Das sollte Aufgabe aller Freundinnen und Freunde der Bahn sein. Und das ist nicht zuletzt die Aufgabe der Gewerkschaften, die im Bahnbereich vertreten sind.
Am Ende dieses Textes gehen wir auf drei exemplarische Bahnunfälle aus jüngerer Zeit ein, die jeweils mit dem Tod von Menschen verbunden sind, und in denen exakt diese problematische Herangehensweise des Suchens nach Bauernopfer festzustellen ist: Auf denjenigen in Brühl im Jahr 2000 (neun Tote), auf denjenigen in Hordorf im Jahr 2011 (zehn Tote) und auf denjenigen in Bad Aibling im Jahr 2016 (zwölf Tote). In allen drei Fällen wurde seitens der Verantwortlichen und teilweise seitens der damit befassten Gerichte auf das besagte „menschliche Versagen“ abgehoben. Bahnbeschäftigte der unteren Hierarchie-Ebene wurden für diese Unfälle verantwortlich gemacht, obgleich in Wirklichkeit die entscheidende Verantwortung an höherer Stelle im System Schiene, im Konzern Deutsche Bahn AG, im Bereich Verkehrspolitik (Bundesverkehrsministerium) beziehungsweise bei der Aufsicht über die Sicherheit im Schienenverkehr (Eisenbahn-Bundesamt) lag.
Zweitens. Es gibt einen unauflöslichen Widerspruch zwischen dem Ausbau des Straßenverkehrs und dem Ausbau der Schieneninfrastruktur.
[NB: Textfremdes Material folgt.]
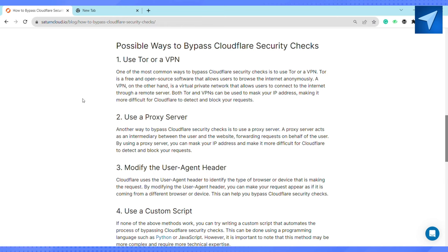A VPN, on the other hand, is a virtual private network that allows users to connect to the internet through a remote server. Both Tor and VPN can be used to mask your IP address, making it more difficult for Cloudflare to detect and block your requests. Another way to bypass Cloudflare security checks is to use a proxy server.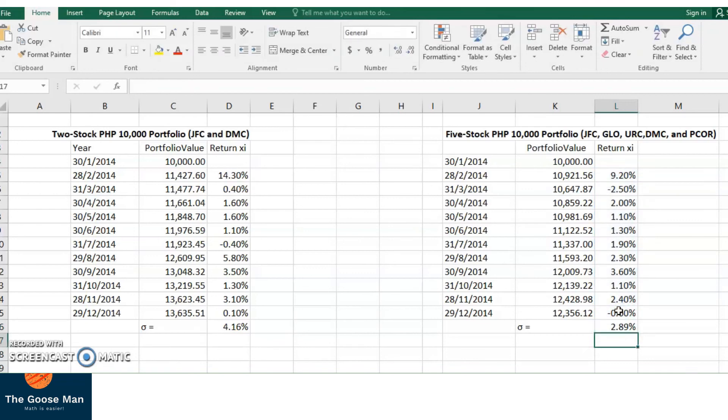From this technique, we can say that the lower the standard deviation, the more stable your investment is. However, if you are a kind of aggressive investor, you will choose the 2-stock 10,000 portfolio because the greater the risk, the greater the reward.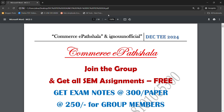Hey guys, welcome to Commercy Parchella. I hope you are very good. Our new session has started where we will discuss the previous questions. The question I am going to tell you today will be very important — it is related to MCO3 — and this question has already come in December, so the exam is very important.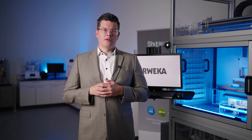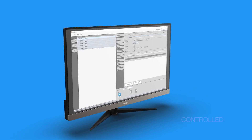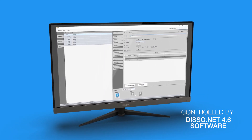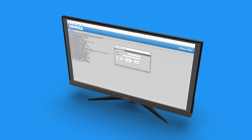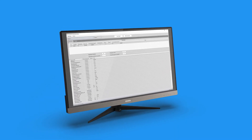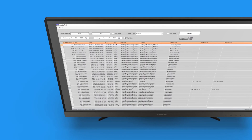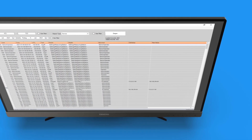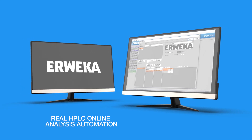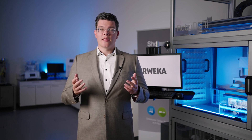If you want to learn more about AWEKA HPLC systems, there is an animation available on our website showing you how the dissolution HPLC system works. All of our DT9N50 dissolution systems are controlled by our disso.net software. It handles the dissolution test parameters, controls the pump and sampling, analyzes data from the UV-Vis spectrophotometer, and sends trigger signals to the connected HPLC analytic, enabling real HPLC online analysis automation.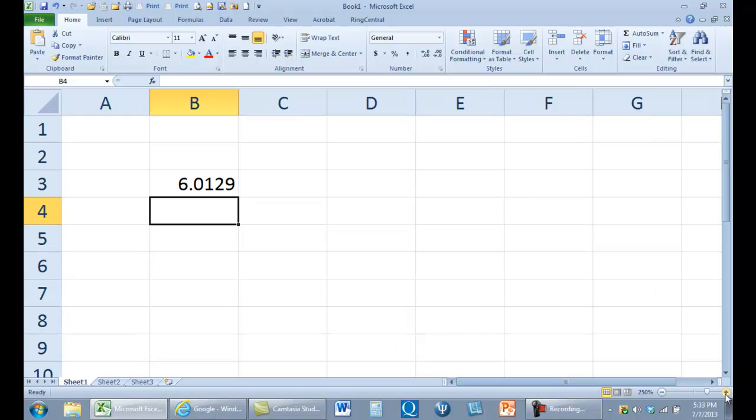This is Dr. Frederick. I'm just going to talk a little bit about getting a critical value of F. And if you have Excel, you can do this.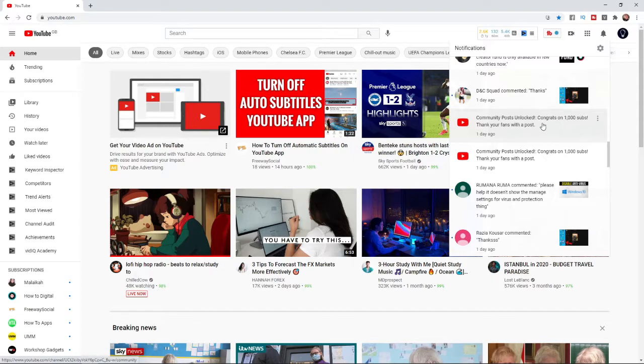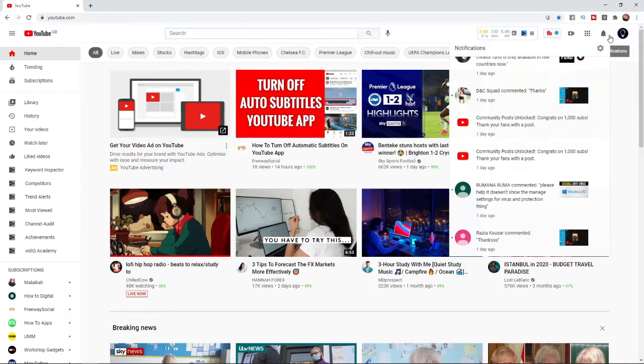Congrats on 1,000 subscribers. So to get community posts, you will need to get 1,000 subscribers first of all. And then once you've got 1,000 subscribers,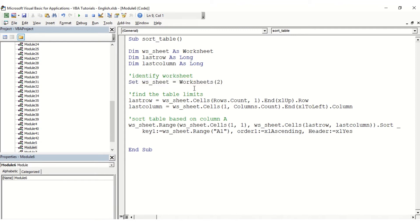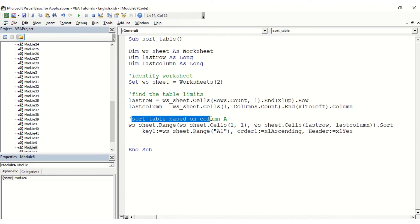And then we find the table limits, so the last row and the last column, all based on the first column and on the first row. And then we're going to sort the table based on column A.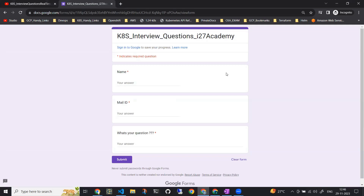If you want, you can fill the Google form where you can mention your name, mail ID, as well as the Kubernetes question you want answered. I want to be very clear — I'm not tracking your mail IDs. If required, I can remove that field. The main intention is that if I'm addressing someone and there are many people with the same name, I should be able to address the right person. Or if I need to get an elaborated question from you, I might reply to you as well. That's the only reason I'm asking for your mail ID — just for communication purposes.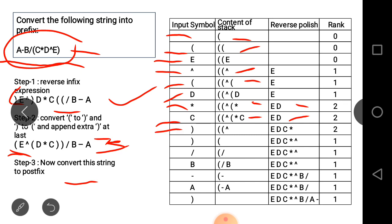Then closing bracket is encountered. When closing bracket is added, it means all elements up to the matching opening bracket will pop. C and star are popped and added to the output. Here C and star are popped and added.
Beides zusammen geht nicht. Und hierzulande finden bis zum heutigen Tag ein Ausbau der Straße und ein Abbau der Schiene statt.
Das System Schiene steht in einem grundsätzlichen Wettbewerb zum Straßenverkehr. Obgleich in der Politik seit mehr als zwei Jahrzehnten – im Einklang mit der allgemeinen Umwelt- und Klimadebatte – behauptet wird, es gebe einen „Vorrang Schiene“, findet das Gegenteil statt: Es gibt einen fortgesetzten Ausbau des Straßenverkehrs (und im Übrigen auch des Flugverkehrs) und einen permanenten Abbau der Schieneninfrastruktur. Von Jahr zu Jahr wird der Investitionsstau im Bereich Schiene größer. Es gibt damit immer deutlicher ein Fahren auf Verschleiß. Das wurde in den letzten zehn Jahren in mehr als einem halben Dutzend Berichten des Bundesrechnungshofs dokumentiert. Dieser allgemeine antagonistische Widerspruch Straße-Schiene lässt sich beim Burgrain-Unglück konkretisieren: Ein wesentlicher Faktor bei diesem Unglück besteht darin, dass als Ergebnis
eines autobahnähnlichen Straßenausbaus vor gut zwei Jahrzehnten am Bahndamm just an der Unglücksstelle ein gefährlicher Steilhang mit einem im Fall eines entgleisten Zugs todbringenden Bachbett geschaffen wurde.
Gleichzeitig wurde damit auf Dauer verhindert, dass die fragliche Strecke jemals zur Zweigleisigkeit ausgebaut werden könnte.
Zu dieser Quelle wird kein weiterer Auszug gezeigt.